Condensers are sized so that they can reject the system heat load under max­imum conditions of air or water temperature. In colder weather, the condensing temperature will fall with that of the cooling medium and this may cause dif­ficulties in correct operation of the plant. In particular, the pressure across the expansion valve (see also Chapter 8) may be too low to circulate the required mass flow of the refrigerant. Under such circumstances, artificial means must be used to keep the head pressure up, always remembering that the condensing pressure should be kept as low as practical for power economy.

Various systems are used:

1. Air-cooled condensers having two or more fans (Figure 6.3) may have a pressure switch or thermostatic control to stop the fans one by one as mentioned in Section 6.3. This method is simple, cheap, and effective.

2. The fans on such condensers may be fitted with two-speed motors or other speed control. It should be borne in mind that, if one fan of a pair stops, the noise level will fall by 3 dB, but if both fans drop to half speed, the noise drops by 15 dB. This method is of special use in residential areas where the greater noise level will be tolerated in the daytime when condensing air is warmest, but a lower fan speed can be used at night.

3. Evaporative condensers and water cooling towers with two or more fans on separate drive may be controlled in the same way. If a single motor drives several fans on one shaft, speed control or dampers will be required. Evaporative condensers and cooling towers should be fitted with antifreeze thermostats which will stop all fans before the water reaches freezing point.

4. Cooling air flow can be restricted by blanking flaps, baffles or winter enclosures, providing that, if not automatic, the operating staff are aware of their presence and will restore the air flow when the weather turns warm again.

5. Water flow may be restricted by throttling valves.

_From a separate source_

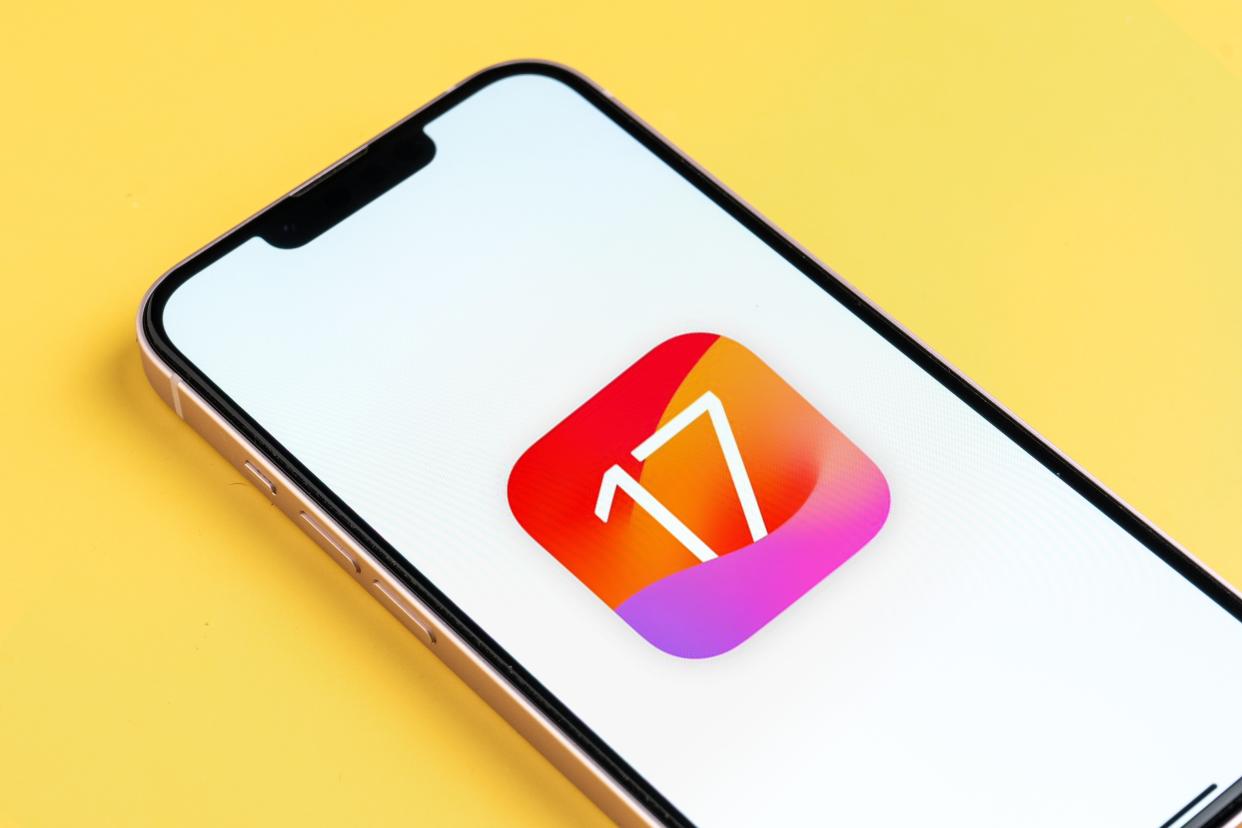 لوگوی iOS 17 در آیفون در برابر پس زمینه زرد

One such device is operated directly by head pressure, but electric or pneumatic throttling or flow diversion valves can be applied for the purpose (see Chapter 9).

6. A set pressure bypass valve can be fitted across the condenser, so that hot gas will pass directly to the receiver in cooler weather. This will cause the condenser to partially fill with liquid refrigerant, thus decreasing the heat transfer surface available for condensation. Sufficient refrigerant must be available for this, without starving the rest of the circuit (see Chapter 9).

7. Where a complex system is served by two or more condensers, a complete condenser can be taken off line by a pressure switch.

Apart from such requirements for head pressure control, winter precautions are needed to prevent freezing of the water while the plant is not rejecting heat to it. These commonly take the form of an electric immersion heater in the water tank, together with lagging and possible trace heating of exposed pipes. In some systems, the evaporative condenser itself may be within the build­ing, with air ducts to the outside. In severe climates, external tanks need to be lagged to conserve the heat provided by the immersion heater.